Is it possible to find the combined standard deviation? Suppose I have 2 sets:
Set A: number of items $n= 10$, $\mu = 2.4$ , $\sigma = 0.8$
Set B: number of items $n= 5$, $\mu = 2$, $\sigma = 1.2$
I can find the combined mean ($\mu$) easily, but how am I supposed to find the combined standard deviation?

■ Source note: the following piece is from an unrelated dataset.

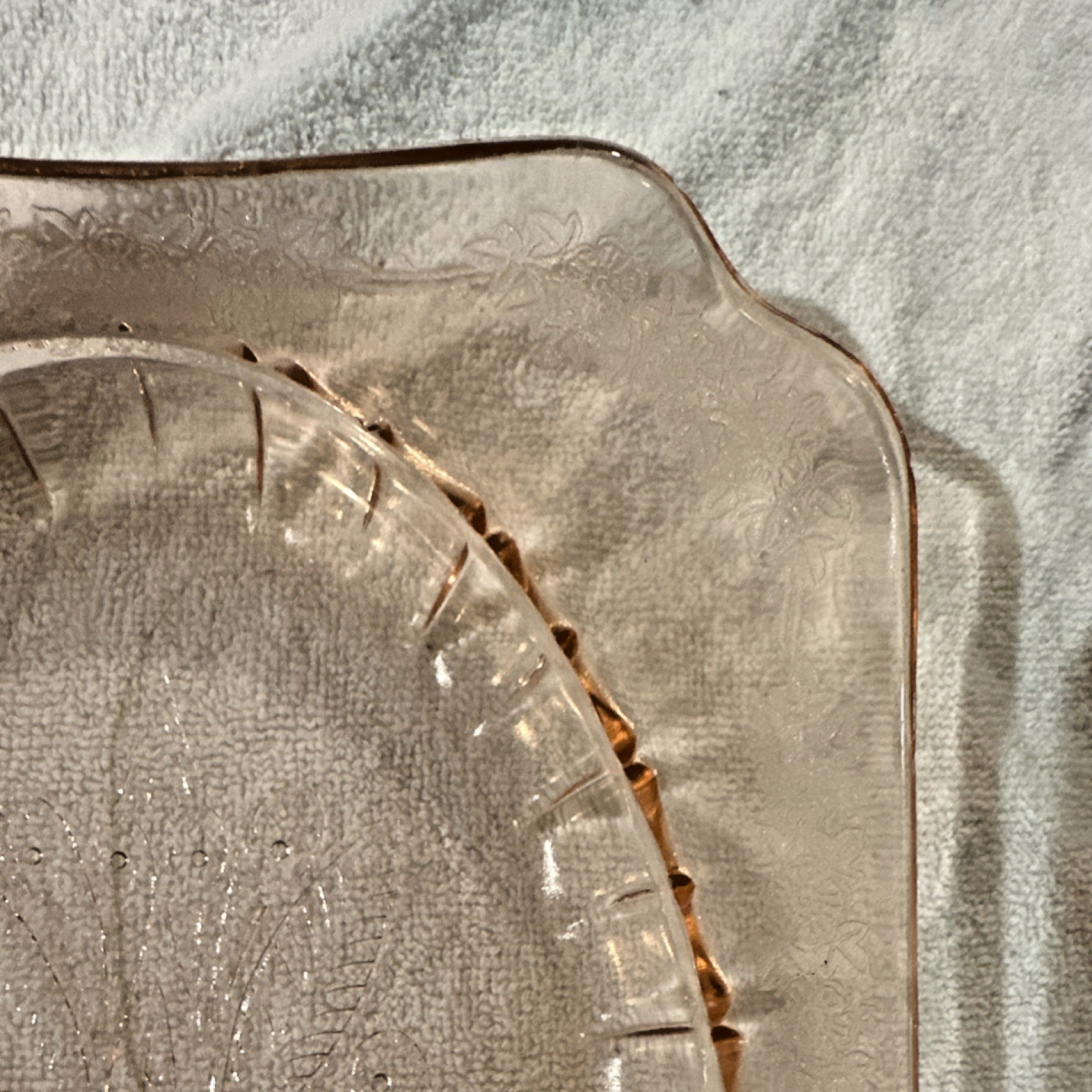 Vintage Pink Depression Glass Floral Pattern Rectangular/ Oval Platter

 A: So, if you just want to have two of these samples brought together into one you have:
$s_1 = \sqrt{\frac{1}{n_1}\Sigma_{i = 1}^{n_1} (x_i - \bar{y}_1)^2}$
$s_2 = \sqrt{\frac{1}{n_2}\Sigma_{i = 1}^{n_2} (y_i - \bar{y}_2)^2}$
where $\bar{y}_1$ and $\bar{y}_2$ are sample means and $s_1$ and $s_2$ are sample standard deviations.
To add them up you have:
$s = \sqrt{\frac{1}{n_1 + n_2}\Sigma_{i = 1}^{n_1 + n_2} (z_i - \bar{y})^2}$
which is not that straightforward since the new mean $\bar{y}$ is different from $\bar{y}_1$ and $\bar{y}_2$:
$\bar{y} = \frac{1}{n_1 + n_2}\Sigma_{i = 1}^{n_1 + n_2} z_i = \frac{n_1 \bar{y}_1 + n_2 \bar{y}_2}{n_1 + n_2}$
The final formula is:
$s = \sqrt{\frac{n_1 s_1^2 + n_2 s_2^2+ n_1(\bar{y}_1-\bar{y})^2 +n_2(\bar{y}_2-\bar{y})^2}{n_1 + n_2 }}$
For the commonly-used Bessel-corrected ("$n-1$-denominator") version of standard deviation, the results for the means are as before, but 
$s = \sqrt{\frac{(n_1 - 1)s_1^2 + (n_2 - 1)s_2^2 + n_1(\bar{y}_1-\bar{y})^2 +n_2(\bar{y}_2-\bar{y})^2}{n_1+n_2 - 1} }$
You can read more info here: http://en.wikipedia.org/wiki/Standard_deviation
A: This obviously extends to $K$ groups:
$$ s = \sqrt{ \frac{\sum_{k=1}^K (n_k-1)s_k^2 + n_k(\bar{y}_k-\bar{y})^2} {(\sum_{k=1}^K n_k) -1} }$$